While debating against a judicial pay increase bill last week, Rep. Kevin Calvey referenced political self-immolation protests by claiming if it were not for his Christian faith, he would douse himself with gasoline and set himself on fire on the steps of the state Supreme Court.

The bill, presented by Earl Sears, R-Bartlesville, would increase pay for appellate judges, Supreme Court justices and some staff members. Sears said a mistake was made during the last year’s legislative session causing some in the judicial branch to not receive the pay increases intended for all judges and staff when a pay increase was implemented last year. Sears said his bill would, “correct that mistake.”

Vocal opponents were led by Calvey, R-Oklahoma City, and Mike Ritze, R-Broken Arrow, who both said a pay increase for some of the highest earning civil-servant employees in the state is indefensible in a year with a $611 million projected budget shortfall and no planned pay raise for teachers.

“I cannot defend this to my constituents,” Ritze said. “I just can’t defend a salary increase for another branch of government.”

Rep. Jon Echols, R-Oklahoma City, spoke in support of the bill insisting that to not pass the bill would continue a distressing mistake and asked the members to pass the bill to correct the issue.

“I want to point out, for this cost, we can get almost two Supreme Court justices for the cost of one Jenks (school district) superintendent,” he said. “What we have … is a current situation where our district court judges make more than our Court of Civil Appeals and Supreme Court. It’s embarrassing. We look foolish. There’s no reason we should have done it and it’s a mistake that needs to be corrected.”

Calvey spoke in opposition to the bill from a standpoint of checks-and-balances within the government. He explained that the judicial branch was able to restrain the power of the legislature through judicial review but the legislature had little ability to curtail the authority of the courts. He claimed the most immediate and effective avenue for the legislature to constrain what he implied to be an unjust and activist Supreme Court, was the “power-of-the-purse.”

“It was said before (during debate on the bill) that we don’t need to be meddling in another branch of government,” he said. “Folks, checks-and-balances means we all meddle in each other’s stuff. The judiciary sure as heck meddles in what we do, a lot, and they do so unjustly.”

“What do we do, as a branch of government, if we are concerned about something that is going on at the Supreme Court?” Calvey asked the assembled house members. “What check-and-balance do we have? Somebody suggested the retention ballot. The retention ballot is a joke. … None of them (judges) have ever been non-retained in 50 years that we’ve had the retention ballot.

“What can be an effective check-and-balance is that we have the power of the purse.”

Calvey then turned to abortion. He made a case outlining what he described as a calculated effort by the Supreme Court to subvert the will of the vast majority of Oklahomans as it relates to pro-life legislation.

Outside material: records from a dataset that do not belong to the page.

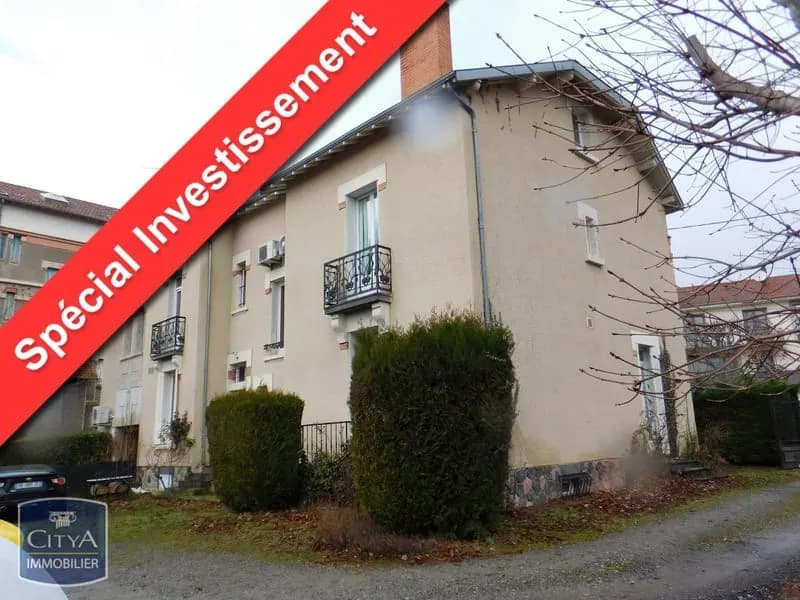 Immeuble - Photo 1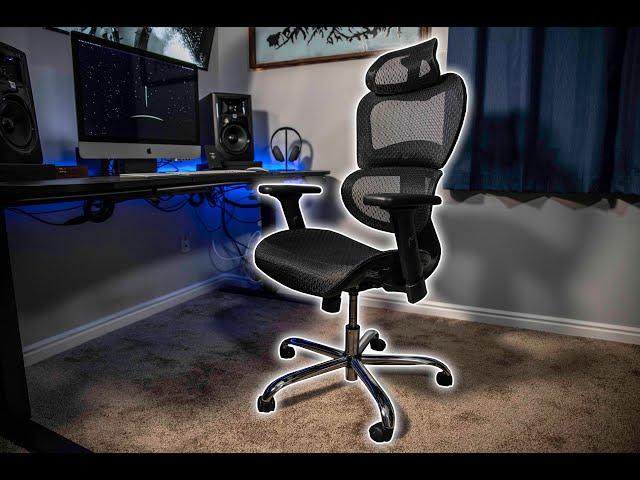 Ergonomic Mesh Office Chair Review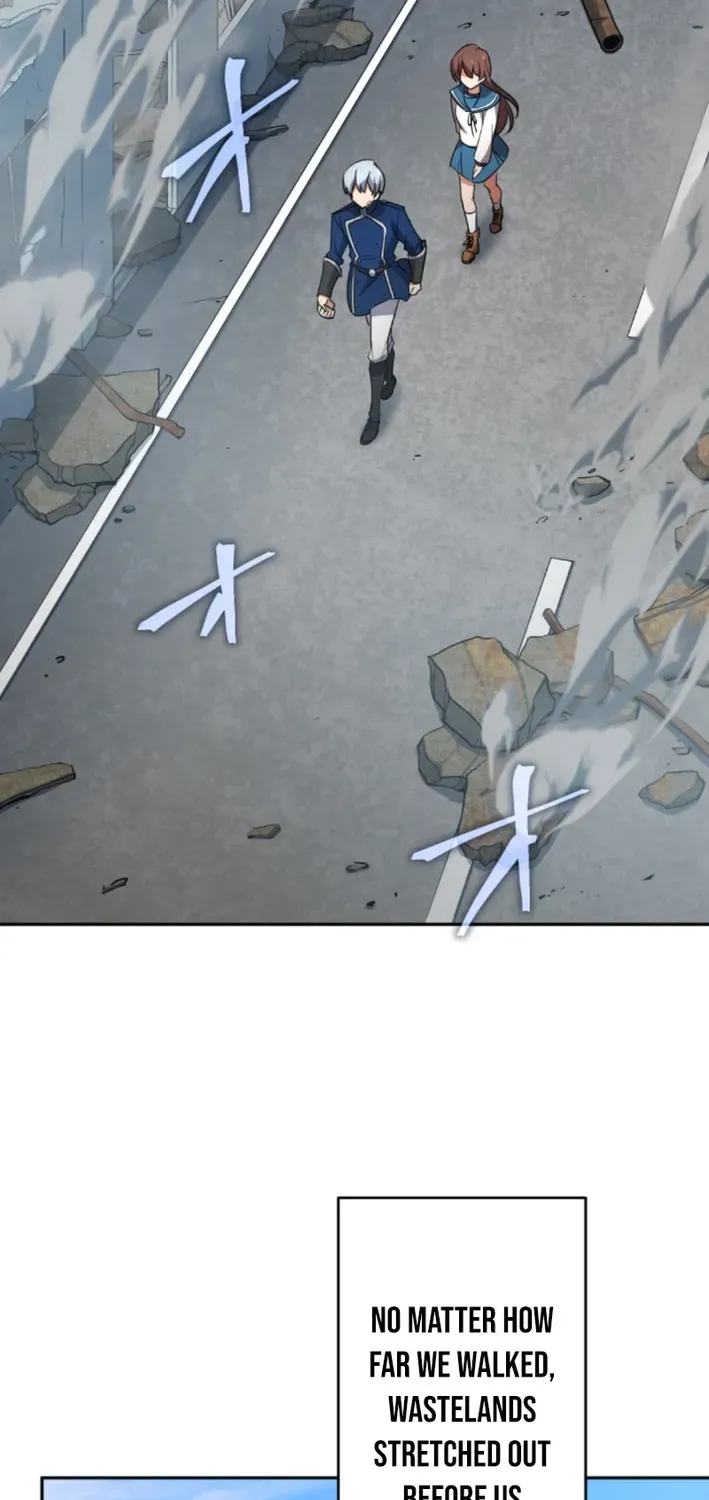 The Last Rebel ~ The Savior Android Changes the Future Through Level-Up Chapter 9 page 12 - 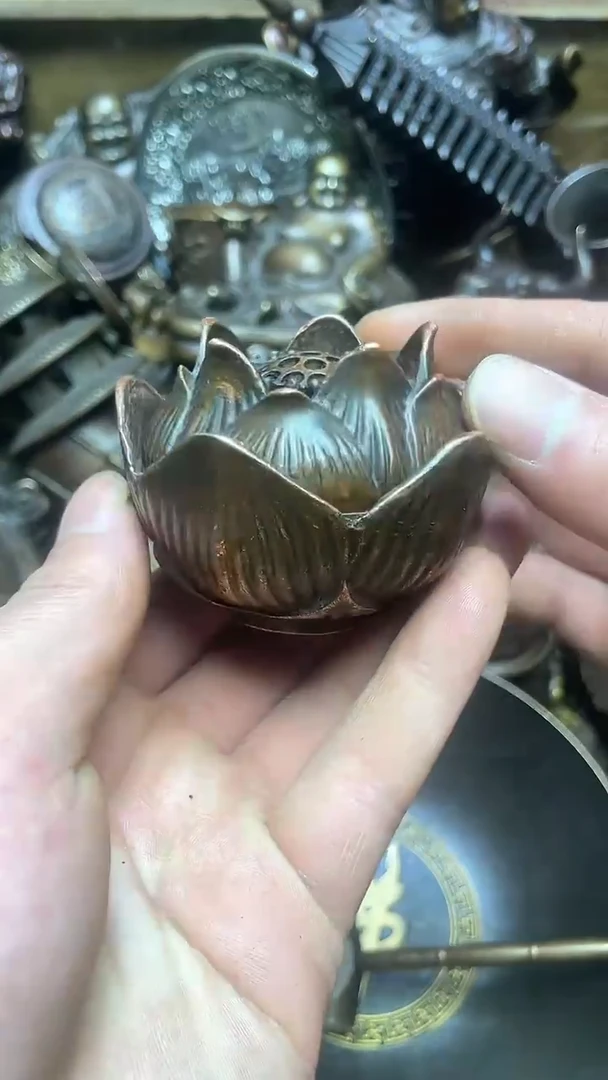 【闪购商品】精美铜器 点击下单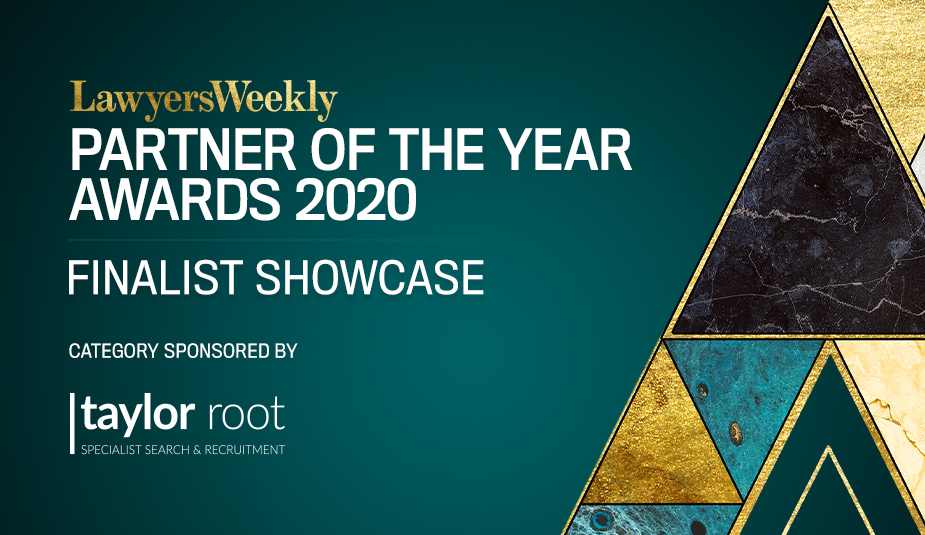 The Lawyers Weekly Partner of the Year Finalist Showcase | M&A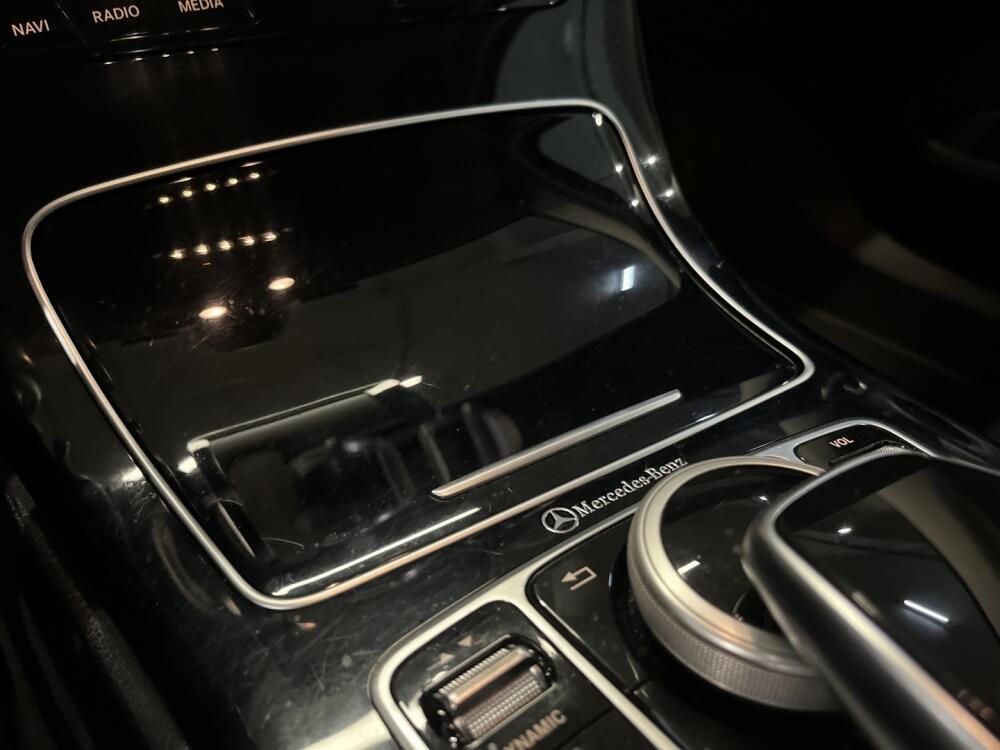 Mercedes Benz C 180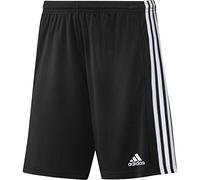 Adidas Short Squad 21 pour Homme, Noir/Blanc, XXL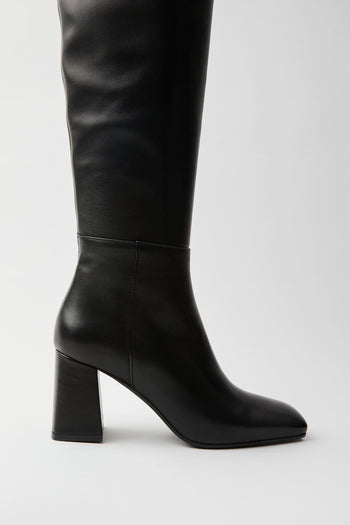 Stivale Nero Donna - 4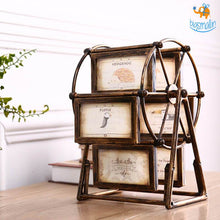 Load image into Gallery viewer, DIY Ferris Wheel Photo Frame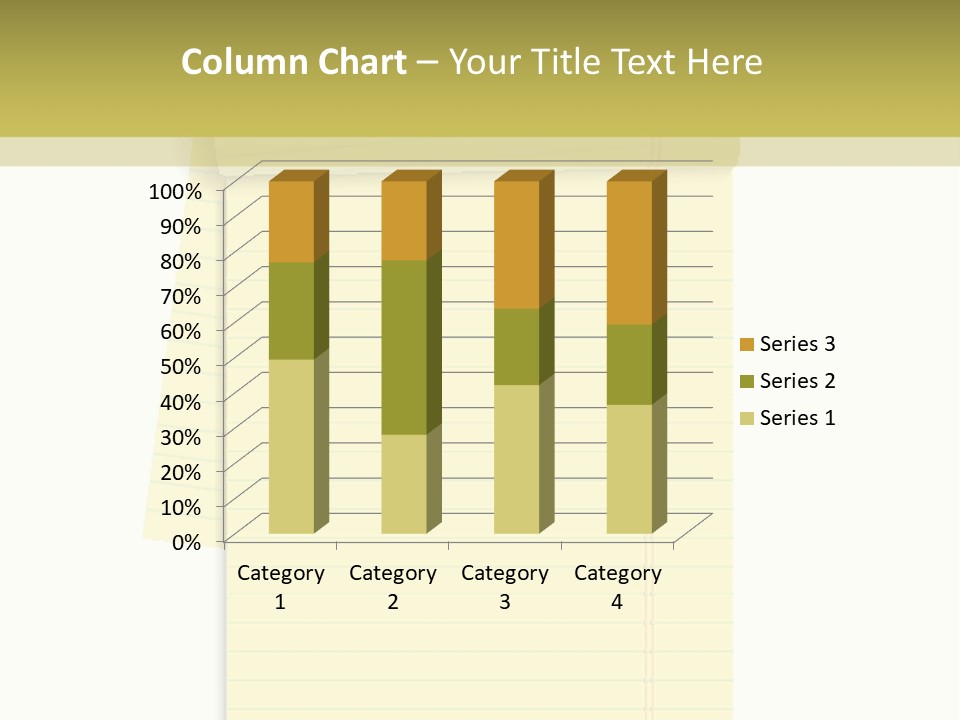 Notebook PowerPoint Template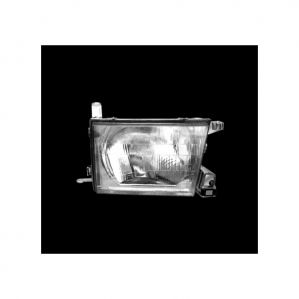 Head Light Lamp Assembly For Toyota Qualis Type 1 Right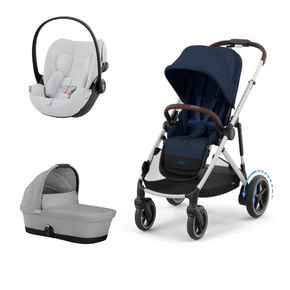 Pack e-Gazelle S + Cloud G i-size + Alcofa Gazelle S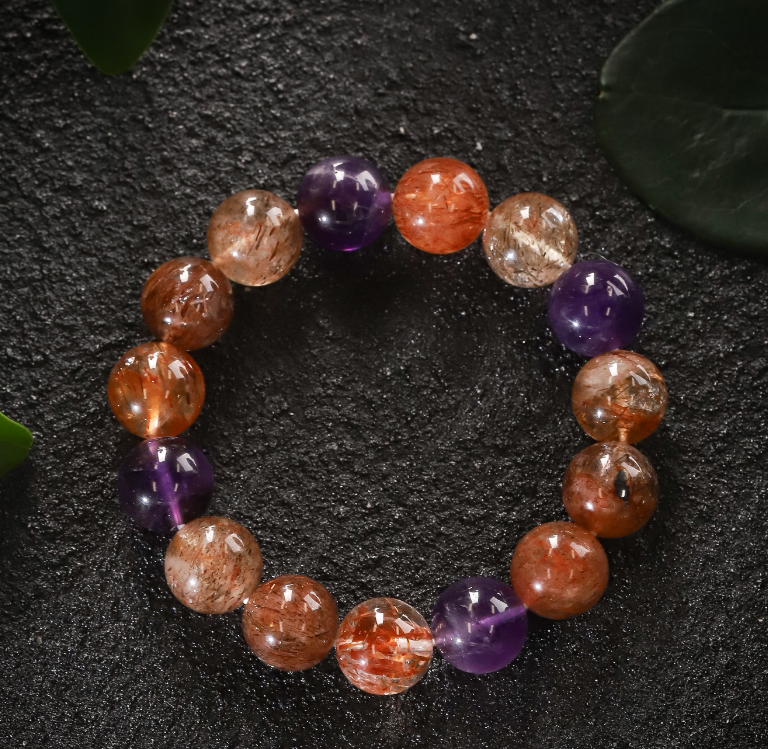 黑金超七紫水晶设计款【直播T】预售14天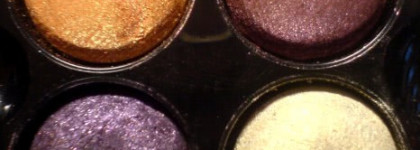 Тени Nouba Quattro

“There’s been two other cases that they (Supreme Court) struck. On election day, they let them go into effect for three days ― they didn’t want to say anything while their retention ballots were still at stake ― and on election day they struck those laws, two laws passed by this body, overwhelmingly, with bipartisan support,” he said, “just last year.”

Then Calvey became agitated, raised his voice and challenged the court using an oddly surreal reference to self-immolation as a form of protest to what he perceived as a systematic pro-abortion stance by the state’s highest court.

“If I were not a Christian and didn’t have a prohibition on suicide, I would walk across the street, douse myself in gasoline and set myself on fire! To protest the evil that is going on over there, killing, giving the death penalty, to the will of the people and the will of this body in protecting the least among us,” he said.